* _Your goal_
Quote the records that follow in full, leaving the pictures out.

* _Records for the task_
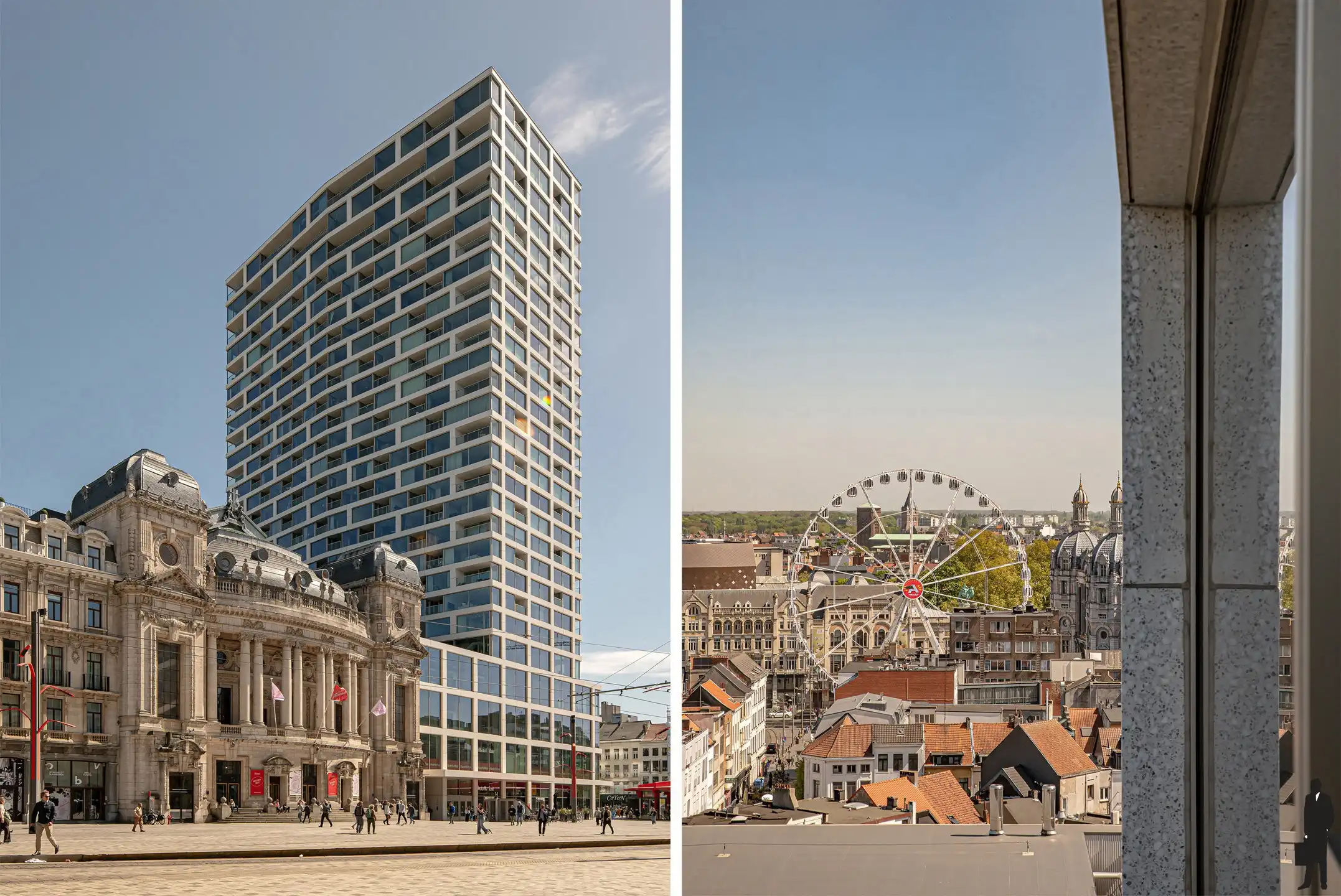 Antwerp Tower – 10de verdieping met panoramisch zicht foto 7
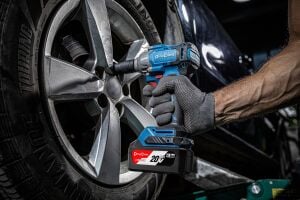 DONG CHENG DCPB488 Şarjlı Somun Sıkma 20 Volt 488 Nm 4 Amper Çift Akülü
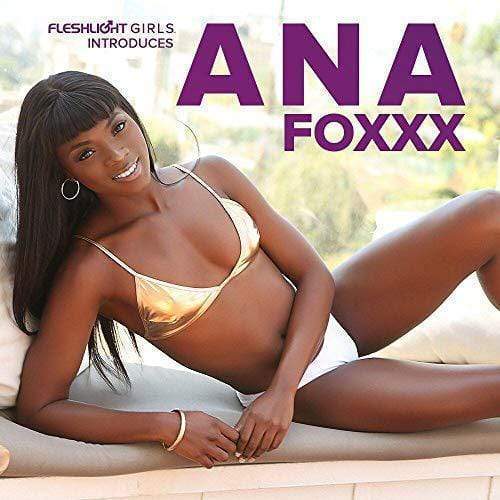 Fleshlight - Fleshlight Girls Anna Foxx Masturbator Vagina (Silk) Masturbator Vagina (Non Vibration)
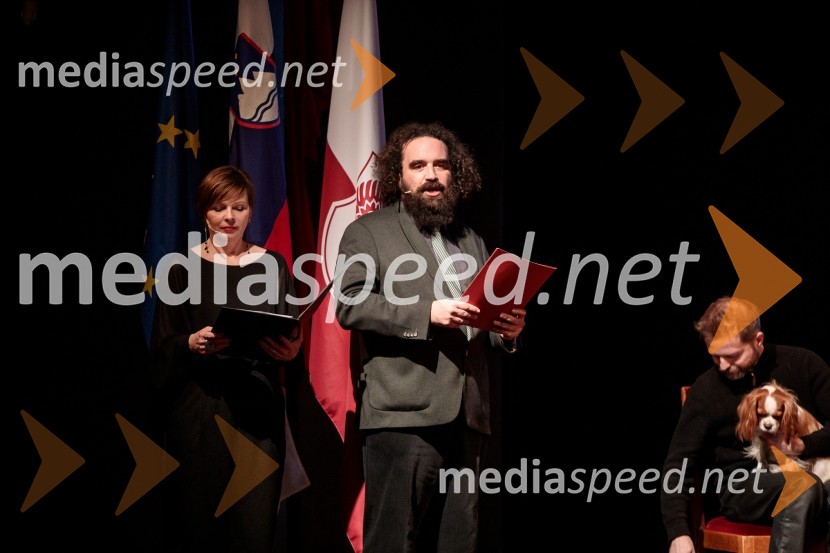  Vesna  Slapar, igralka;   Jure Novak, režiser, direktor, Prešernovo gledališče KranjPrešernov dan v Kranju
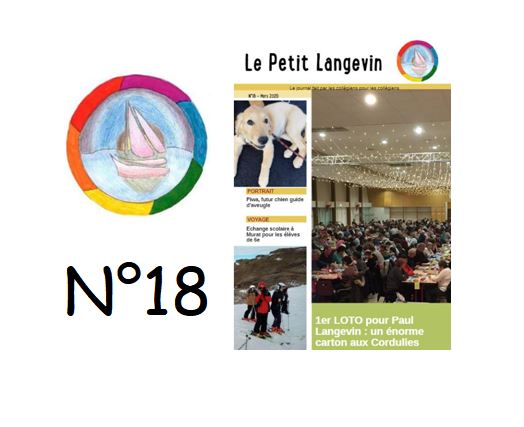 Journal du collège : Le petit Langevin N°18 (mars 2020)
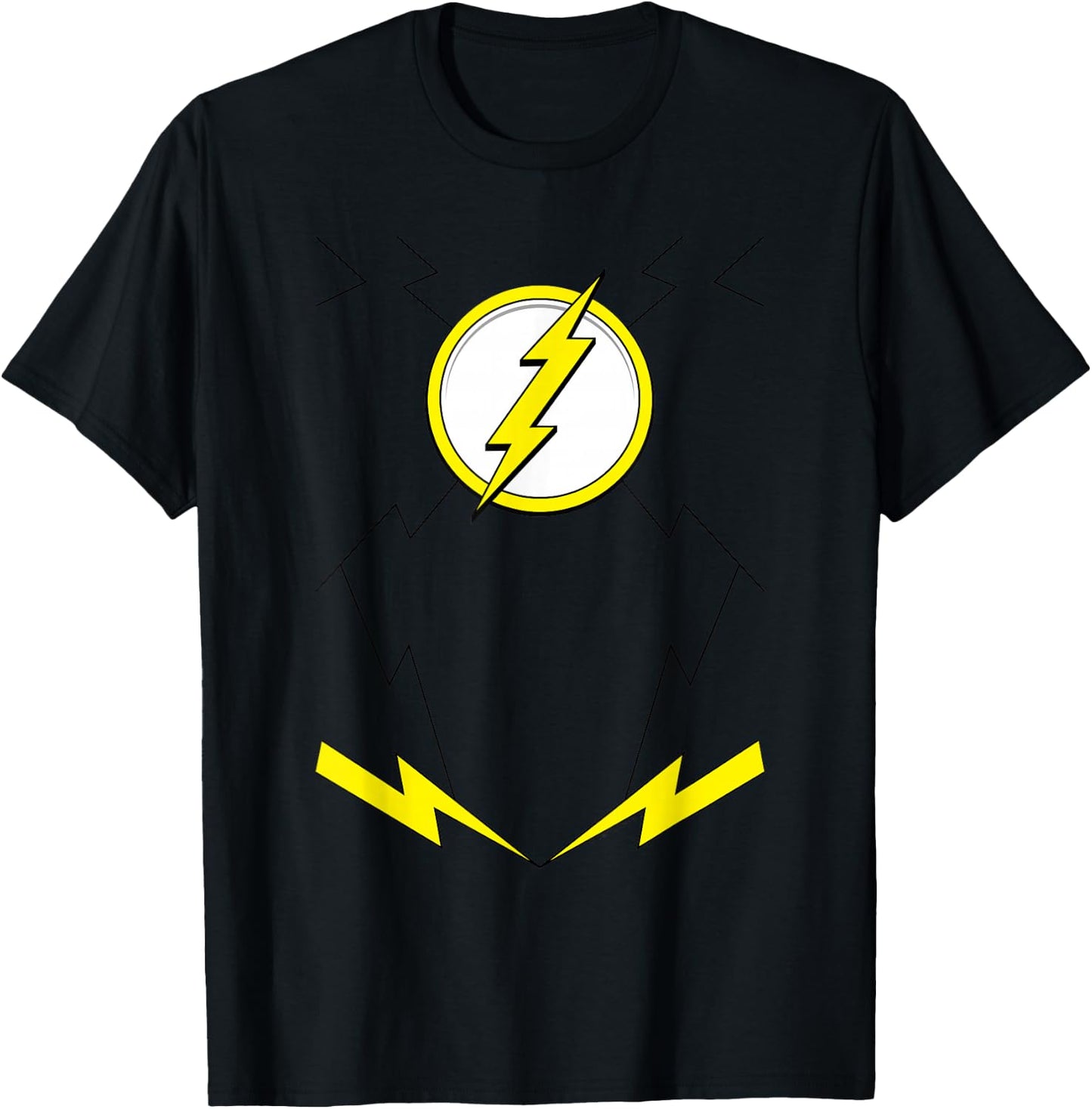 The Flash New Uniform T-Shirt - T-Shirt | Black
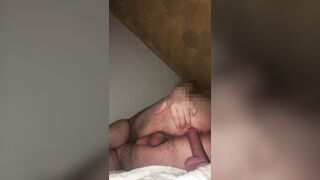 college-aged yr older cherry have fun with his faux-cock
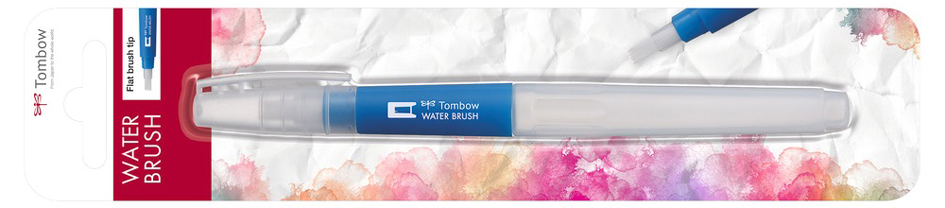 Tombow Wassertankpinsel, flach, Blister von Tombow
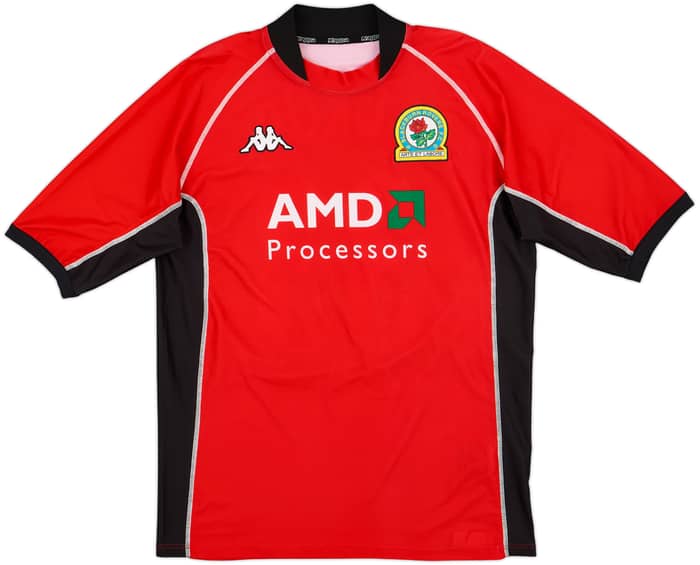 2002-03 Blackburn Away Shirt Sukur #33 - 8/10 - (L)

* _Problem solution_
 Antwerp Tower – 10de verdieping met panoramisch zicht foto 7
 DONG CHENG DCPB488 Şarjlı Somun Sıkma 20 Volt 488 Nm 4 Amper Çift Akülü
 Fleshlight - Fleshlight Girls Anna Foxx Masturbator Vagina (Silk) Masturbator Vagina (Non Vibration)
  Vesna  Slapar, igralka;   Jure Novak, režiser, direktor, Prešernovo gledališče KranjPrešernov dan v Kranju
 Journal du collège : Le petit Langevin N°18 (mars 2020)
 The Flash New Uniform T-Shirt - T-Shirt | Black
 college-aged yr older cherry have fun with his faux-cock
 Tombow Wassertankpinsel, flach, Blister von Tombow
 2002-03 Blackburn Away Shirt Sukur #33 - 8/10 - (L)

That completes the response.